The Role of Advanced Models in Performance Boosting
Published in Automated Trader Magazine Issue 08 Q1 2008
In the second part of a two-part article, David Aronson, President of Hood River Research, examines the modelling techniques used in arriving at a valuable predictor set for boosting ‘raw’ trading model performance.
The development of a boosting model is a two-stage process. The first is discovering which, if any, of the large list of candidate indicators proposed for consideration are helpful in predicting signal returns. The second is establishing the shape of the surface that best describes the relationship between the selected candidate indicators and signal returns. One widely used modelling technique is multiple linear regression, which assumes that the shape of the surface is linear (flat with no hills and valleys). Only the slope of the surface with respect to each axis (i.e. the weight of each indicator) is left open to discovery. However, modern data modelling techniques have allowed the constraining assumption of a flat surface to be eliminated. This allows the modelling procedure to discover the most appropriate shape for the model's hyper-surface1.
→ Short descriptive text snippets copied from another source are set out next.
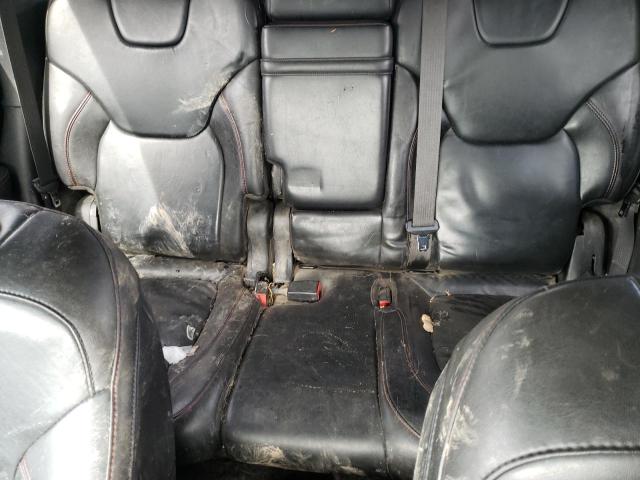 1C4PJMBS6FW615501 - 2015 JEEP CHEROKEE TRAILHAWK 橙色 照片 10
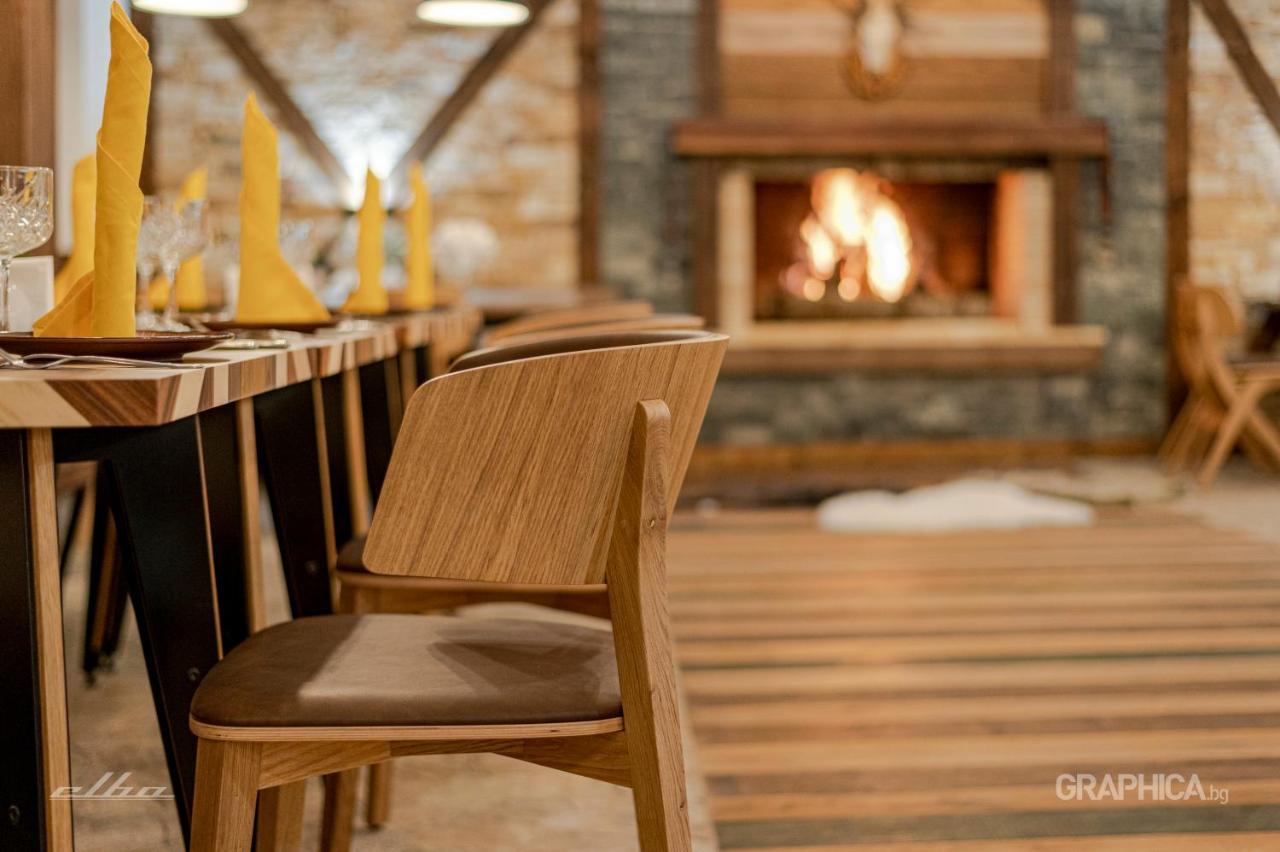 Hotel 103 Alpine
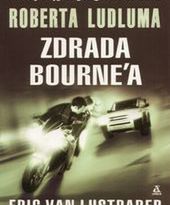 Dalszy ciąg trylogii Bourne’a: Zdrada Bourne’a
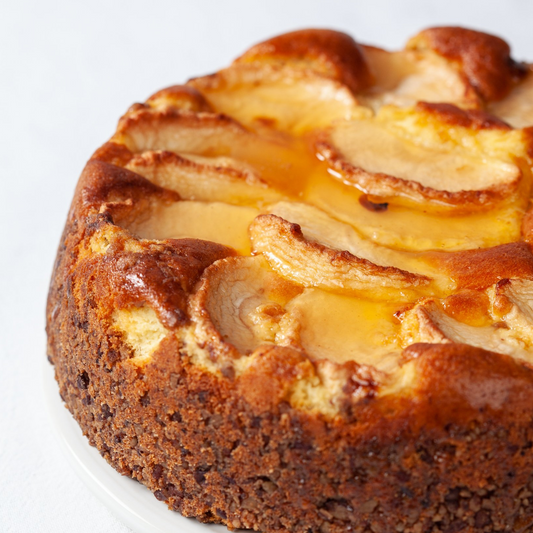 A Proper Close to the Passover Table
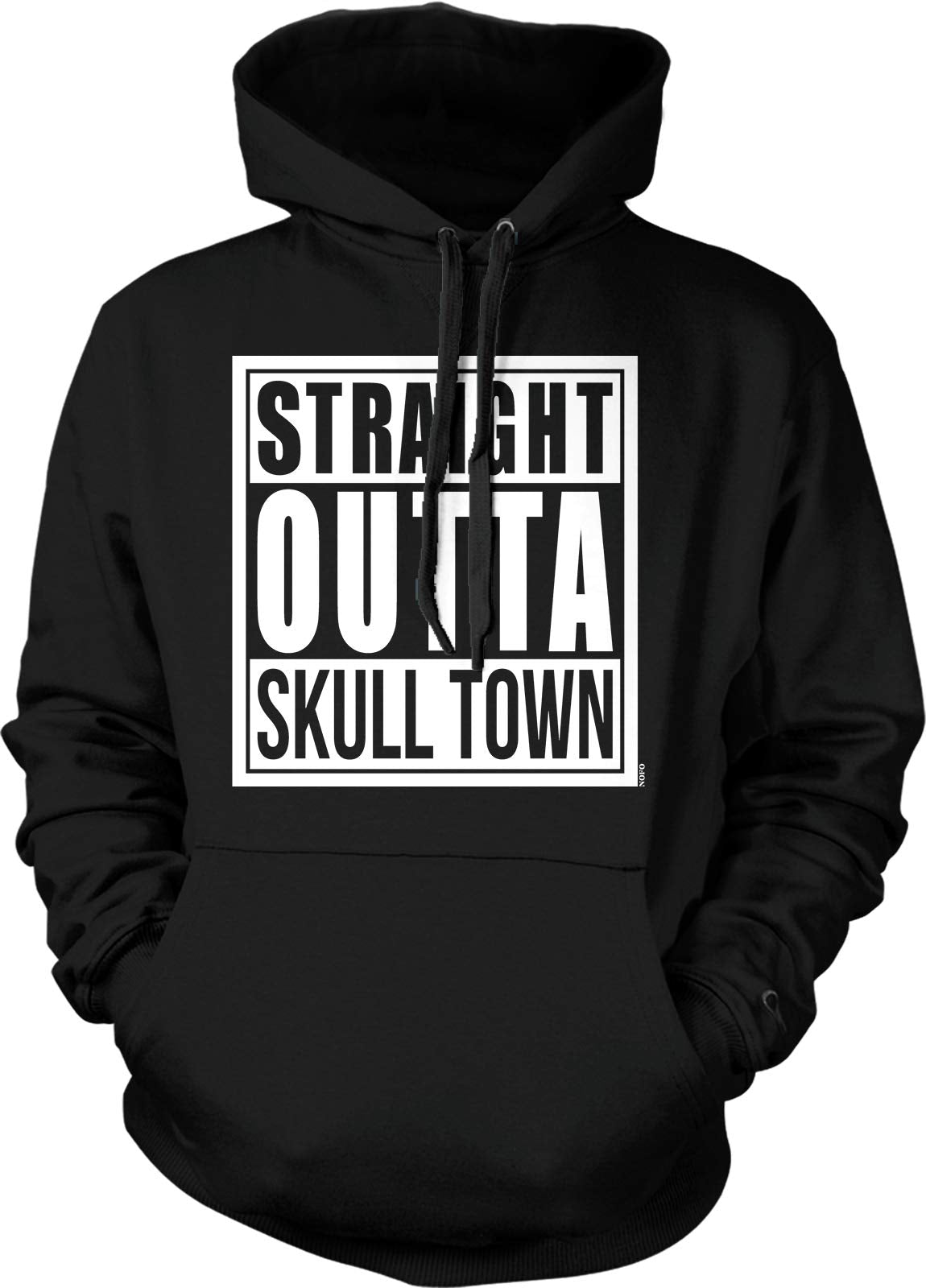 NOFO_02160_Hood_M_Black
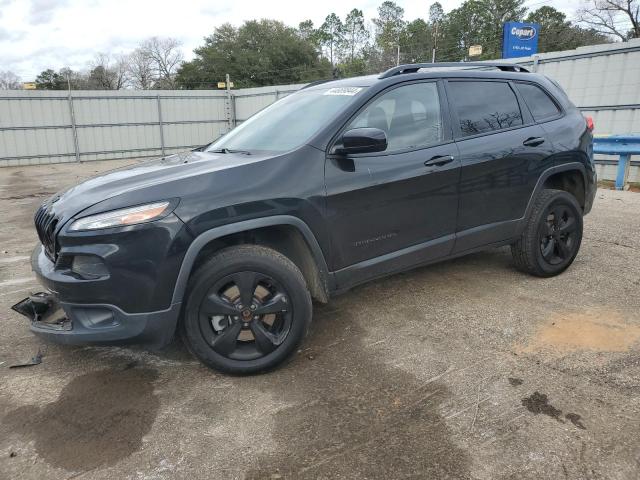 jeep grand cherokee 2016 1c4pjmcs5gw183712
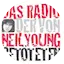 Logo Das Radio der von Neil Young Getöteten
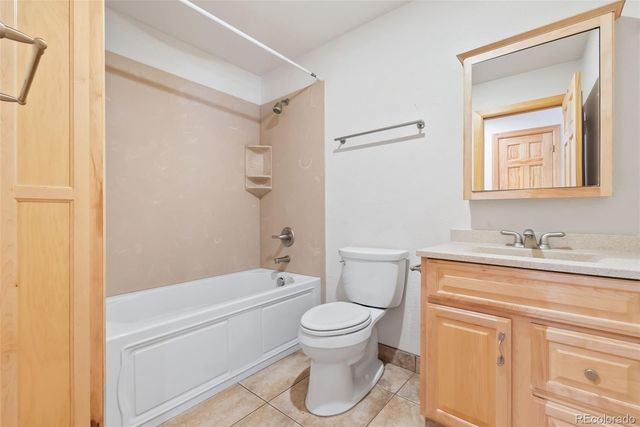 11545 Calle Corvo, Colorado Springs, CO 80926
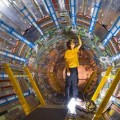 Descenso al otro LHC: lo que los físicos no esperaban encontrar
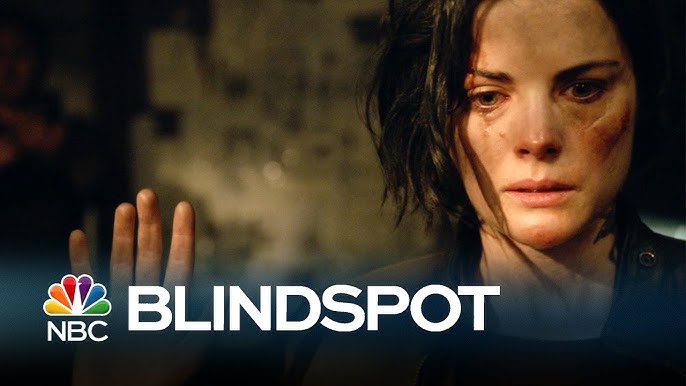 Blindspot - Do Not Return to the Mountain (Episode Highlight) 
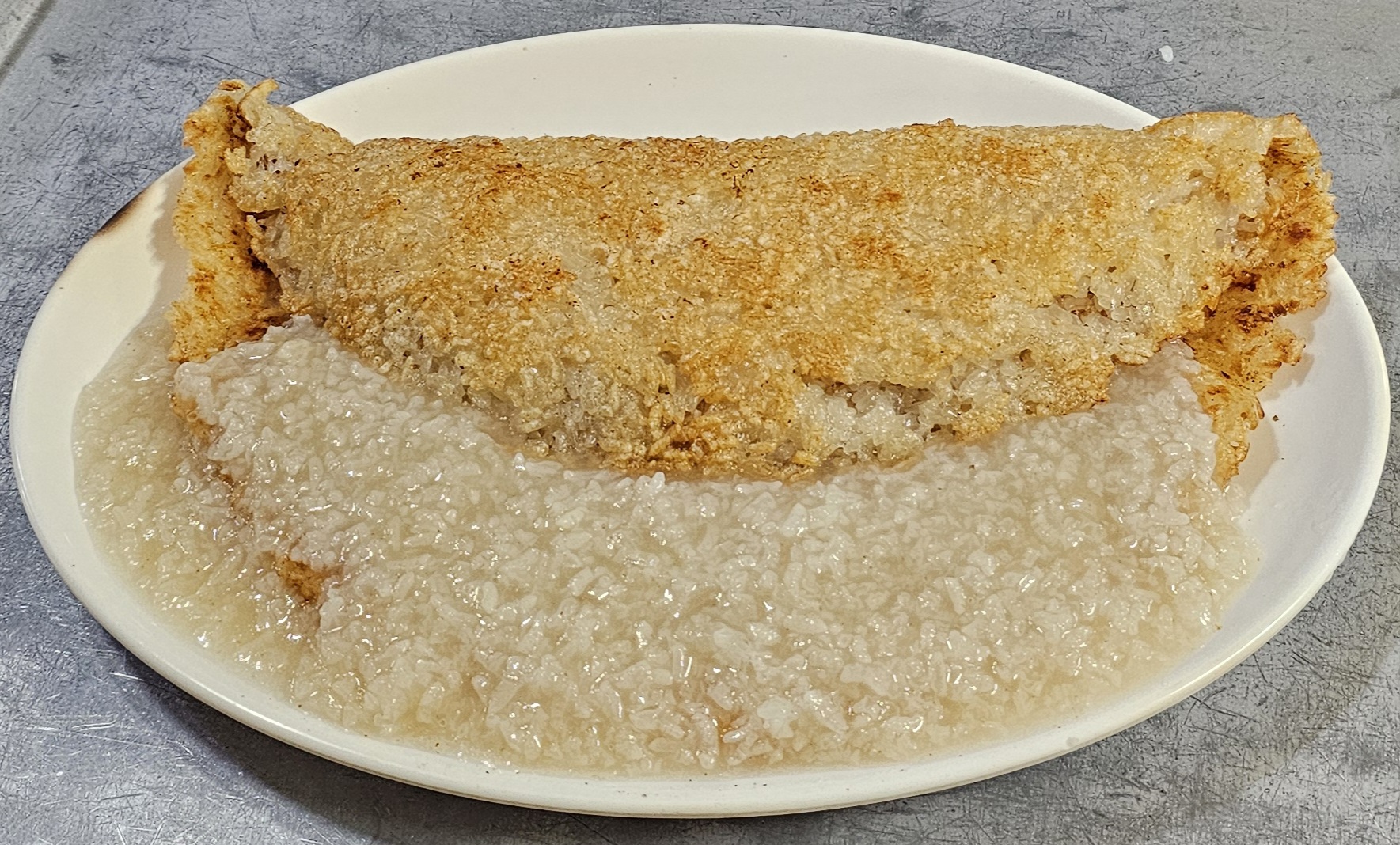 복주골오리한상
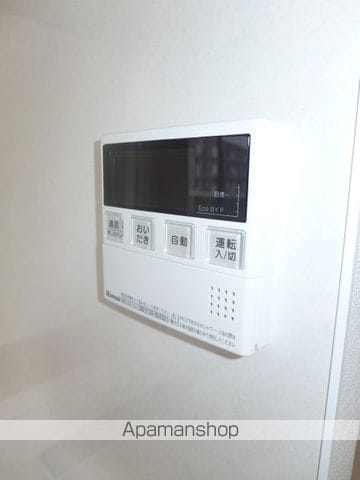 サンコートTSUIJIの内装写真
Advanced modelling vs. linear regression
As powerful as multiple linear regression is, relative to the intuitive judgment of human experts, greater predictive power can be attained with more advanced modelling methods that are not constrained by the simplifying assumption of linearity. This creates the opportunity for more accurate predictions of signal outcomes. Advanced methods such as kernel regression can detect complex non-linear relationships. Figures 1 to 5 illustrate how more sophisticated non- linear modelling differs from traditional linear regression. For simplicity, the illustrations depict a single indicator (Xi) on the horizontal axis and the return earned by the signal on the vertical axis. Figure 1 shows the true functional relationship between signal returns and Xi, which is unknown in the sense that the true shape of the function sought in any predictive modelling problem is by definition unknown and remains to be inferred from an observed sample of data. Note that the relationship is not linear.
In Figure 2, a sample of trading signals is shown, with each
point representing a single signal. The position with respect to
the vertical axis is the return earned by the signal and the
position with respect to the horizontal axis is the value of
indicator Xi at the time the signal was given. For purposes of
illustration, there is an obvious relationship between Xi and
signal return, which is unlikely to exist in practice.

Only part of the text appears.